*** Available data ***
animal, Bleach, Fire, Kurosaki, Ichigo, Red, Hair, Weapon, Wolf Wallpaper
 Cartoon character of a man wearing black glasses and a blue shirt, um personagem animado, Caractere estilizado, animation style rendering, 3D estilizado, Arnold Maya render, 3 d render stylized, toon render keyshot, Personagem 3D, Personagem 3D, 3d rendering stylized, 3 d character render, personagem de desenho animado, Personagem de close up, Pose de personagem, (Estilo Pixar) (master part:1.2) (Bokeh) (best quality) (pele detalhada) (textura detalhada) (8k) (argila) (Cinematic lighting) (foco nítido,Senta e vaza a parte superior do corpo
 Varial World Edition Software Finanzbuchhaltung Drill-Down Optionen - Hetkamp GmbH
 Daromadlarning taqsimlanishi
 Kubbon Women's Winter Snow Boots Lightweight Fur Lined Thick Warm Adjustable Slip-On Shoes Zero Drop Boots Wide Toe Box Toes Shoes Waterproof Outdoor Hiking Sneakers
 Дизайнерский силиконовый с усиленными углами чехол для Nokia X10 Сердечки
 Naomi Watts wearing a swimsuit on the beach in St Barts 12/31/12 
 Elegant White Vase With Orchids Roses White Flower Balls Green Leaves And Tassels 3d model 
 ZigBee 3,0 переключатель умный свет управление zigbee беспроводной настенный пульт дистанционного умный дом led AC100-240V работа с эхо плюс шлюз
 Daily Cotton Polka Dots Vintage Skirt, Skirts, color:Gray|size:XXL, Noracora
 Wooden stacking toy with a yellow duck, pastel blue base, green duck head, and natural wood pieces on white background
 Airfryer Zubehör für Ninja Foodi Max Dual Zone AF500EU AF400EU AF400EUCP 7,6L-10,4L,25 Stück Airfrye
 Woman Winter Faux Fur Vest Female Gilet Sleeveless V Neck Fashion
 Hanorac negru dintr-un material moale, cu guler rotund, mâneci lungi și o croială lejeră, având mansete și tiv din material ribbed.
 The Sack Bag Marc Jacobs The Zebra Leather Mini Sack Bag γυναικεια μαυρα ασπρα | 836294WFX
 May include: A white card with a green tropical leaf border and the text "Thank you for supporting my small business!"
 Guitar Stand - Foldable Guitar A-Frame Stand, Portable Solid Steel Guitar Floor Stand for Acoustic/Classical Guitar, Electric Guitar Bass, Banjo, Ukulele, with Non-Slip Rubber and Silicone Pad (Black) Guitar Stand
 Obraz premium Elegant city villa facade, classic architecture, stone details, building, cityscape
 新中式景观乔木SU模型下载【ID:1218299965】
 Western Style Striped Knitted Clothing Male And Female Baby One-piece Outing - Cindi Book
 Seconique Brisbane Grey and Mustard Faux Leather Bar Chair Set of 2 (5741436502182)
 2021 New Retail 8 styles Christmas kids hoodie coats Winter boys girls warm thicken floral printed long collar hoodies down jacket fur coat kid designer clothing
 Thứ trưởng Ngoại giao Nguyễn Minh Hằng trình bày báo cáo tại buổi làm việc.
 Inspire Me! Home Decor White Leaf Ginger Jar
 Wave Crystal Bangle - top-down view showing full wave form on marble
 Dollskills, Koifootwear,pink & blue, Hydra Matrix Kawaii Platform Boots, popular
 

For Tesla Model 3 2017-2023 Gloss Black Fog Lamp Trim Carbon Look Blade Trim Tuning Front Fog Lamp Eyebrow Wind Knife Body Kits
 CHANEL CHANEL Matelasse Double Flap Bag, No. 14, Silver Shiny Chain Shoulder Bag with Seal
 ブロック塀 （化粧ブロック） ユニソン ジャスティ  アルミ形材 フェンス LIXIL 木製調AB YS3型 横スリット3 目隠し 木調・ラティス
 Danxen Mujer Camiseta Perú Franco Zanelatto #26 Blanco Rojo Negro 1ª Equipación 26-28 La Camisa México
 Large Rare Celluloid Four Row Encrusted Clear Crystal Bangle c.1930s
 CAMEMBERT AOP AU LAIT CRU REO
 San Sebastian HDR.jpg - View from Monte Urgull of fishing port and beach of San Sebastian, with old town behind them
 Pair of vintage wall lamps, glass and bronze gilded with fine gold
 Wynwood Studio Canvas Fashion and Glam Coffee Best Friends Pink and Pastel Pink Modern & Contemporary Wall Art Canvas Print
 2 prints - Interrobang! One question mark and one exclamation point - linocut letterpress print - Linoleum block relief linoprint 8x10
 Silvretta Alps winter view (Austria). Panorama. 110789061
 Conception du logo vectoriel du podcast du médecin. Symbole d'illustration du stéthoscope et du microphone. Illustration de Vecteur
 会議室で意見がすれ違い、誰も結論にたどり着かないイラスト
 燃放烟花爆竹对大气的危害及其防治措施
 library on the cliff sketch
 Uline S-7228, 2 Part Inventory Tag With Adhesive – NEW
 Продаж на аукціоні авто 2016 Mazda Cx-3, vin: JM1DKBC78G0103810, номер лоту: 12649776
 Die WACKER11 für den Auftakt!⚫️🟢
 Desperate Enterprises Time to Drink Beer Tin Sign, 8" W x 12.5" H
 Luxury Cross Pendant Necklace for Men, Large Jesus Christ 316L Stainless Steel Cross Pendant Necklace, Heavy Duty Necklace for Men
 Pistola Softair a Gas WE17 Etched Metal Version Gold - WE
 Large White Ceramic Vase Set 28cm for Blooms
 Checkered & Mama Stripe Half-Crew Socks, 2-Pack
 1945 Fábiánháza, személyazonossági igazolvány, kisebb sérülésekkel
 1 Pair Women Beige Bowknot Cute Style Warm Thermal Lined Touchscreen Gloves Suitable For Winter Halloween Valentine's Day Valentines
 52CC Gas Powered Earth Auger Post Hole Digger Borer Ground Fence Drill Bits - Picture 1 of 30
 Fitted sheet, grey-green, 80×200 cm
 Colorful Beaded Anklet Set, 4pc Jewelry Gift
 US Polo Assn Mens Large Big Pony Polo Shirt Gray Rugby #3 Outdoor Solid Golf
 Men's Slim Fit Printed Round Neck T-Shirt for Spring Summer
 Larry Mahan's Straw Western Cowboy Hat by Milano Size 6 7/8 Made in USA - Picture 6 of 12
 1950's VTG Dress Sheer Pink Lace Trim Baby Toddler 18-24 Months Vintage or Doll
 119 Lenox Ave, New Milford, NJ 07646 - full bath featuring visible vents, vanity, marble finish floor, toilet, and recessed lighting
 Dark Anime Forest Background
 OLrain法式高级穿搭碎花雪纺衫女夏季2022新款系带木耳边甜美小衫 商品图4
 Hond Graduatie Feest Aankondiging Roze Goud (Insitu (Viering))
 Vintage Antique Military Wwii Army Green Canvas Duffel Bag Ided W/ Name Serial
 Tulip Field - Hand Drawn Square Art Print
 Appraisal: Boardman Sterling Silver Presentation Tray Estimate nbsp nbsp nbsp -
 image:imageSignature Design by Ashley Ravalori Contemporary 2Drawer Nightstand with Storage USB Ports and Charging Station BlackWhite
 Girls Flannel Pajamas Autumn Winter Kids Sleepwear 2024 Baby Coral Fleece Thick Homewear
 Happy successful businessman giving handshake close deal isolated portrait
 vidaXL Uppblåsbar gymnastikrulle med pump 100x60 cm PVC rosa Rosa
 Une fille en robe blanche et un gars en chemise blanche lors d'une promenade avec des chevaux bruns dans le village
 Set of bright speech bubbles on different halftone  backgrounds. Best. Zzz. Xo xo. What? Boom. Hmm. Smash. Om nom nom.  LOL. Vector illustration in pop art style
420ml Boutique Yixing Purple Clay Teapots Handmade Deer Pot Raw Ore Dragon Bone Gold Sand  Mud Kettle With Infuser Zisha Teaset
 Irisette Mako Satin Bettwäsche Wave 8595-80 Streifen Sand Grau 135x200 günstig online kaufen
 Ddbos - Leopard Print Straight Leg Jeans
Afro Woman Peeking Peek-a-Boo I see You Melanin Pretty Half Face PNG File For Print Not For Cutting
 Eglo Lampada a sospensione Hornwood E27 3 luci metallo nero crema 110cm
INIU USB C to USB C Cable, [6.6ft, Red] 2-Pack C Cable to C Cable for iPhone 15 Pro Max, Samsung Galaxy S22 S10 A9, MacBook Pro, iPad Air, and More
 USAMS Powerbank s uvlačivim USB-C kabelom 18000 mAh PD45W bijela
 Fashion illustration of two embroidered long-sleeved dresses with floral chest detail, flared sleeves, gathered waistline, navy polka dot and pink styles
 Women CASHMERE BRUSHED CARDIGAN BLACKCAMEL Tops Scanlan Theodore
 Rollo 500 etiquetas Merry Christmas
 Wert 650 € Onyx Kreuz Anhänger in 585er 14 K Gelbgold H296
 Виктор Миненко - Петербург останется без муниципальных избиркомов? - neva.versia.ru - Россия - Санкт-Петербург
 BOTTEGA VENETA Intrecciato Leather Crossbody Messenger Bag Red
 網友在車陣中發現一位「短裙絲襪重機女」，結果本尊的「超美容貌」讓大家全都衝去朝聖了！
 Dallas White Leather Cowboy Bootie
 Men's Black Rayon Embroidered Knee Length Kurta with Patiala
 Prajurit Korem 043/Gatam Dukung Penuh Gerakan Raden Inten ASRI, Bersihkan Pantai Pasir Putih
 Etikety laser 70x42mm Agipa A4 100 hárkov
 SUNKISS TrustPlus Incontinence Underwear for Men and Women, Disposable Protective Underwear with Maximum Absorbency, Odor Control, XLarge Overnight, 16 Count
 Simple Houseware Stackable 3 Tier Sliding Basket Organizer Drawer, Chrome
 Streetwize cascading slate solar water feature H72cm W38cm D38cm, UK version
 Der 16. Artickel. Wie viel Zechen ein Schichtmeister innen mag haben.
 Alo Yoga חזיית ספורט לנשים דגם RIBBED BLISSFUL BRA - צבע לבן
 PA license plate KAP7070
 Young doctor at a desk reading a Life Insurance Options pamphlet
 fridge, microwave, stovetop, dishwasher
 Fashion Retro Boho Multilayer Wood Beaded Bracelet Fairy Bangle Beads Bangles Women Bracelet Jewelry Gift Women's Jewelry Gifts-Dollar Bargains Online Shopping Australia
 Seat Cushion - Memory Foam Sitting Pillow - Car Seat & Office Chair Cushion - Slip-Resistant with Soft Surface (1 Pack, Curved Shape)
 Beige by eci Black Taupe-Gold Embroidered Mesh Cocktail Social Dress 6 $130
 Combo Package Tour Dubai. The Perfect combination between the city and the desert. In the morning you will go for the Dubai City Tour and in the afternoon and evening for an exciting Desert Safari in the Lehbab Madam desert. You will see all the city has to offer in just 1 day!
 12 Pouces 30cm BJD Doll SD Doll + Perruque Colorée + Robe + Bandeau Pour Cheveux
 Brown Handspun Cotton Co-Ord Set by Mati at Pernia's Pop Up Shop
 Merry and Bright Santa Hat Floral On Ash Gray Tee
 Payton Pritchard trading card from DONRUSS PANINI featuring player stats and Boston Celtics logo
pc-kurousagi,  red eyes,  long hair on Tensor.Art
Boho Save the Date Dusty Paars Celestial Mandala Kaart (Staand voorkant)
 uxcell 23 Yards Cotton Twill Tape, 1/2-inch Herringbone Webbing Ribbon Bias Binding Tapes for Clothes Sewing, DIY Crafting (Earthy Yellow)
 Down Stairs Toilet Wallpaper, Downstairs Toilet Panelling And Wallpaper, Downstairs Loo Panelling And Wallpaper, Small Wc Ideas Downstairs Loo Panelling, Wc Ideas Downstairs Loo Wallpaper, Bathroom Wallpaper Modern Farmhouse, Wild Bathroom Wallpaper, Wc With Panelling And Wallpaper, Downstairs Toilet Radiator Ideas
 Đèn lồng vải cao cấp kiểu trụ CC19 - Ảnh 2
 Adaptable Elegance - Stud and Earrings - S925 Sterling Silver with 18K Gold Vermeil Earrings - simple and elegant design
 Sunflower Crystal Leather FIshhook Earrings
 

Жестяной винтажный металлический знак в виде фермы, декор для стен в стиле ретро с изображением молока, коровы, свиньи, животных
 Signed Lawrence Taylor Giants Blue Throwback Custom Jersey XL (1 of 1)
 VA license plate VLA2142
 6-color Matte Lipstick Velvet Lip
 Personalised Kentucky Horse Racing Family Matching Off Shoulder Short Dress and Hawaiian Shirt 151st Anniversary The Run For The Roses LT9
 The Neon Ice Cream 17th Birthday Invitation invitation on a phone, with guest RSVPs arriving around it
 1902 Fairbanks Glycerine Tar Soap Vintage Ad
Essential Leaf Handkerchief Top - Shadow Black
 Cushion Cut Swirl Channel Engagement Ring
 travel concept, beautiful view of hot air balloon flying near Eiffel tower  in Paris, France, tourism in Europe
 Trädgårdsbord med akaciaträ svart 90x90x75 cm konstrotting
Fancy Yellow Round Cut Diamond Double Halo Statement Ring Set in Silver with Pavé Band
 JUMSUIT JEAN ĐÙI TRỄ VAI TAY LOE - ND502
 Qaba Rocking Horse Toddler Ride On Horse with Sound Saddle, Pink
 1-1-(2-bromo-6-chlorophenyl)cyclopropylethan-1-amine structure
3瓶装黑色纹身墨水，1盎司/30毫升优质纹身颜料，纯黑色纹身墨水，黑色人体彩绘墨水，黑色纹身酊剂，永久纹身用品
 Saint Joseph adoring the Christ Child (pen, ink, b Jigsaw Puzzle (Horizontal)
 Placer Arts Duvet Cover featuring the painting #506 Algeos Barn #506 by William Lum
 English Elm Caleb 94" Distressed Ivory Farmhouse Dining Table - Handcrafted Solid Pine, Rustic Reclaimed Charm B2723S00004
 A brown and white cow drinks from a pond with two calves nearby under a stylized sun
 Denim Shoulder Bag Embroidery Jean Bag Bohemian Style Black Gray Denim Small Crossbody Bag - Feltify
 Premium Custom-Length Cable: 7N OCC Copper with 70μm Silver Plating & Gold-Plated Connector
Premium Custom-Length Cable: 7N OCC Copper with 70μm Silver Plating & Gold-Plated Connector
***
§ **Exercise directions**
The range runs from the line above containing "Fitted sheet, grey-green, 80×200 cm" to the line containing "1950's VTG Dress", inclusive. Restate those lines word for word and no others.

§ **Exercise answer**
 Fitted sheet, grey-green, 80×200 cm
 Colorful Beaded Anklet Set, 4pc Jewelry Gift
 US Polo Assn Mens Large Big Pony Polo Shirt Gray Rugby #3 Outdoor Solid Golf
 Men's Slim Fit Printed Round Neck T-Shirt for Spring Summer
 Larry Mahan's Straw Western Cowboy Hat by Milano Size 6 7/8 Made in USA - Picture 6 of 12
 1950's VTG Dress Sheer Pink Lace Trim Baby Toddler 18-24 Months Vintage or Doll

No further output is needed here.